What you have to do: A precise copy of the data is required, with every picture left out.

┏━━

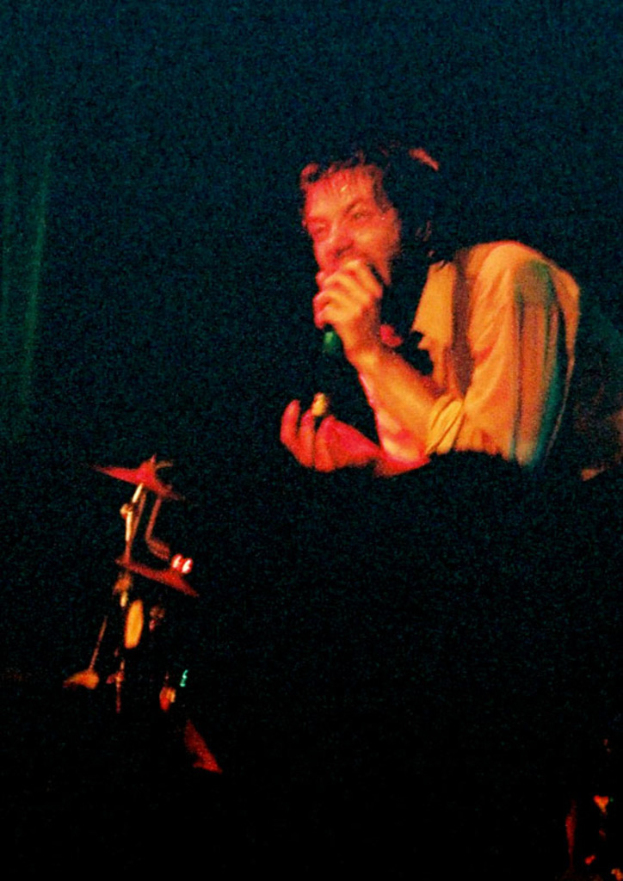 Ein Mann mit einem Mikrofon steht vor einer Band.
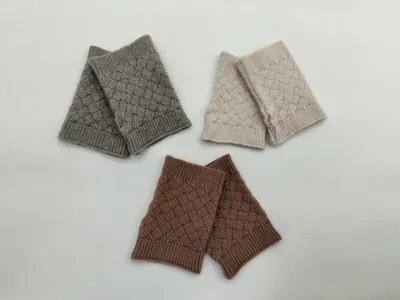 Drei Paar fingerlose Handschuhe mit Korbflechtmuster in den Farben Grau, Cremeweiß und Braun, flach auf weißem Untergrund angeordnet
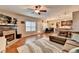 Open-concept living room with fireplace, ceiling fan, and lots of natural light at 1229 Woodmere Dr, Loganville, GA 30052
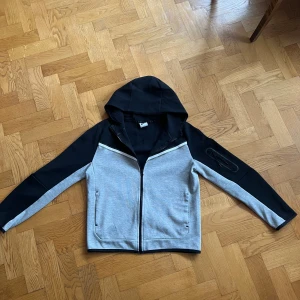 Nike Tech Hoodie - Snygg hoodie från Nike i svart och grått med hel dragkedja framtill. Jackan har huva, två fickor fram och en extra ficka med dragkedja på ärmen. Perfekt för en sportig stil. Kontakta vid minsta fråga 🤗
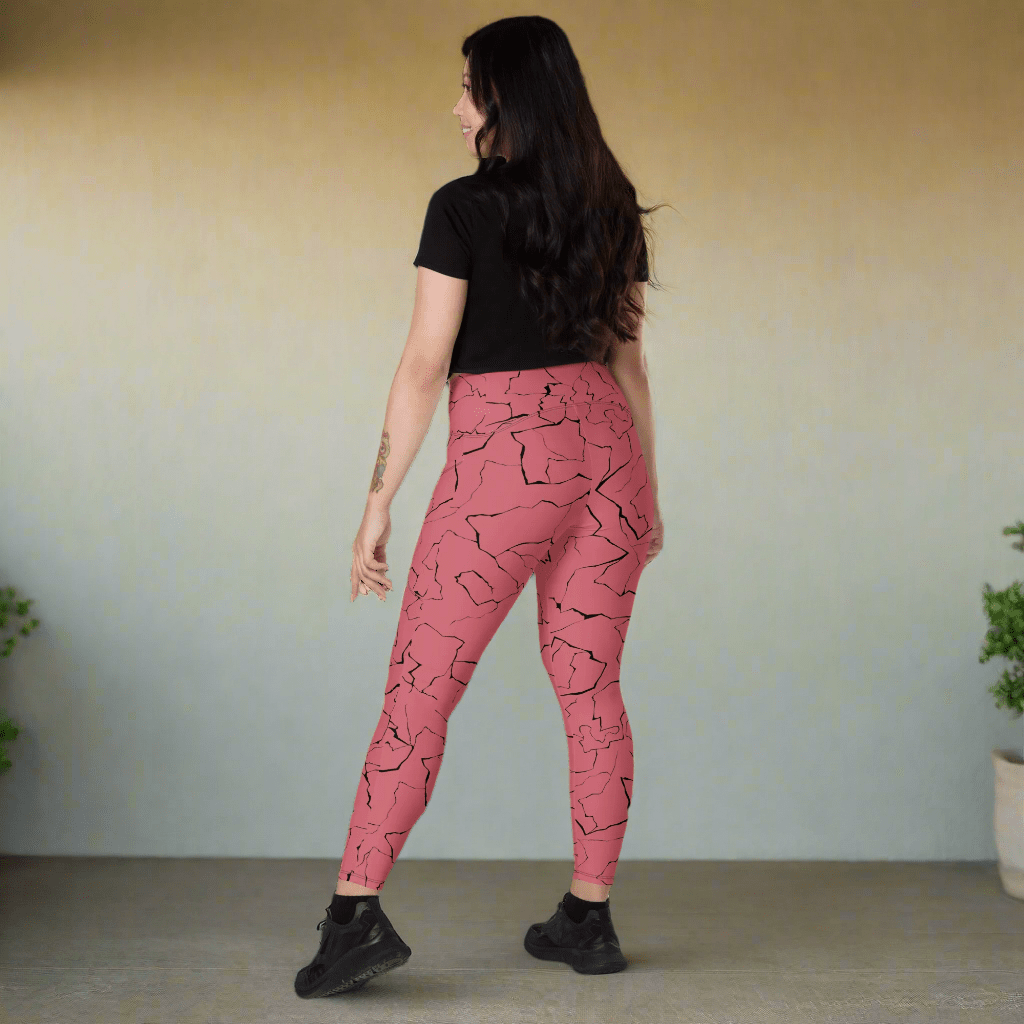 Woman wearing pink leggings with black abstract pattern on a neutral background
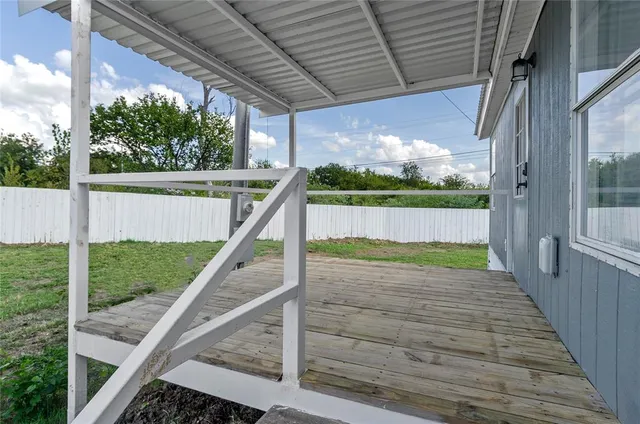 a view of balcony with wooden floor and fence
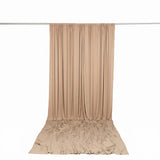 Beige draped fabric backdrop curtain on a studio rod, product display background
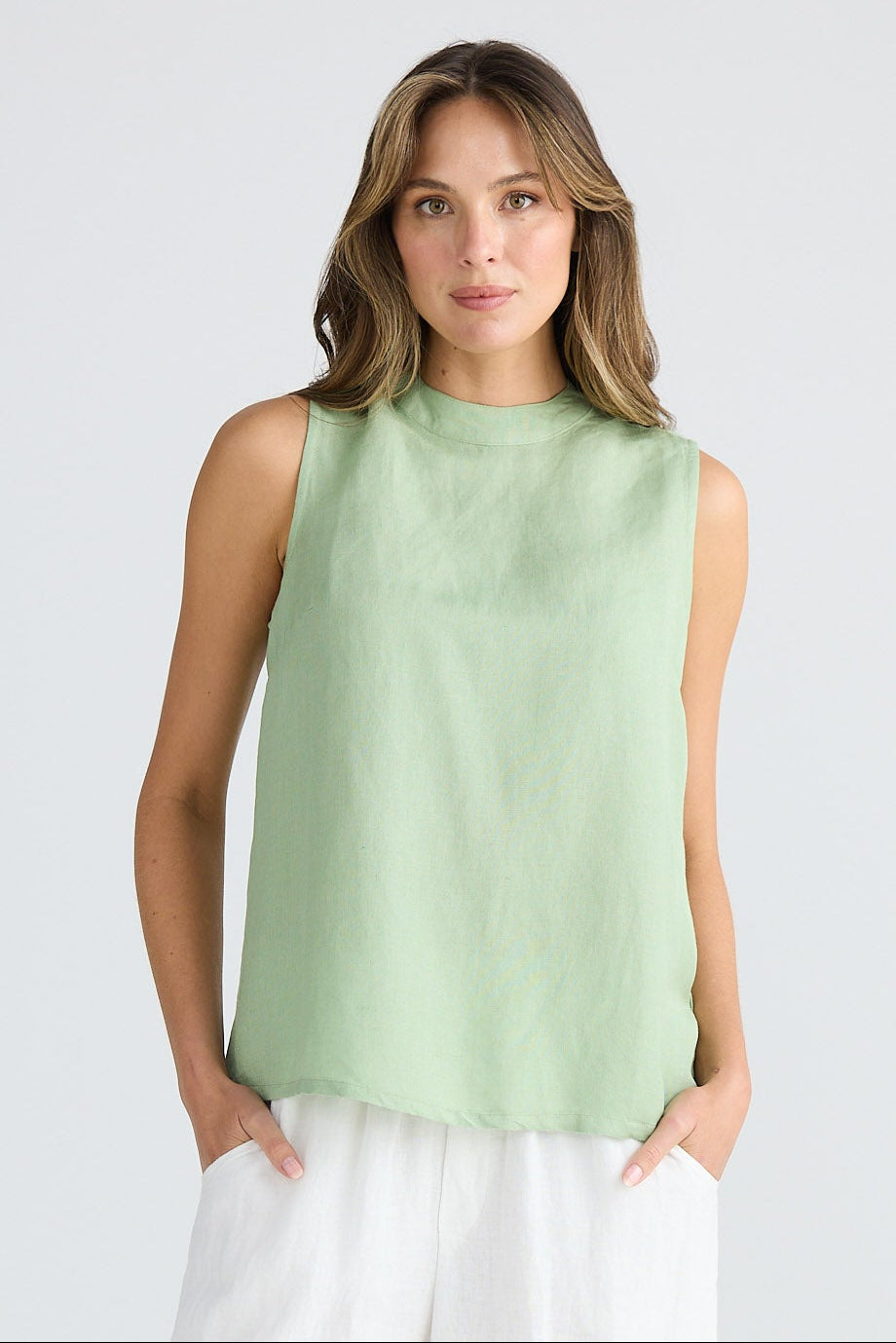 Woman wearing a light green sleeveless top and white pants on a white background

┗━━

Your solution:
 Ein Mann mit einem Mikrofon steht vor einer Band.
 Drei Paar fingerlose Handschuhe mit Korbflechtmuster in den Farben Grau, Cremeweiß und Braun, flach auf weißem Untergrund angeordnet
 Open-concept living room with fireplace, ceiling fan, and lots of natural light at 1229 Woodmere Dr, Loganville, GA 30052
 Nike Tech Hoodie - Snygg hoodie från Nike i svart och grått med hel dragkedja framtill. Jackan har huva, två fickor fram och en extra ficka med dragkedja på ärmen. Perfekt för en sportig stil. Kontakta vid minsta fråga 🤗
 Woman wearing pink leggings with black abstract pattern on a neutral background
 a view of balcony with wooden floor and fence
 Beige draped fabric backdrop curtain on a studio rod, product display background
 Woman wearing a light green sleeveless top and white pants on a white background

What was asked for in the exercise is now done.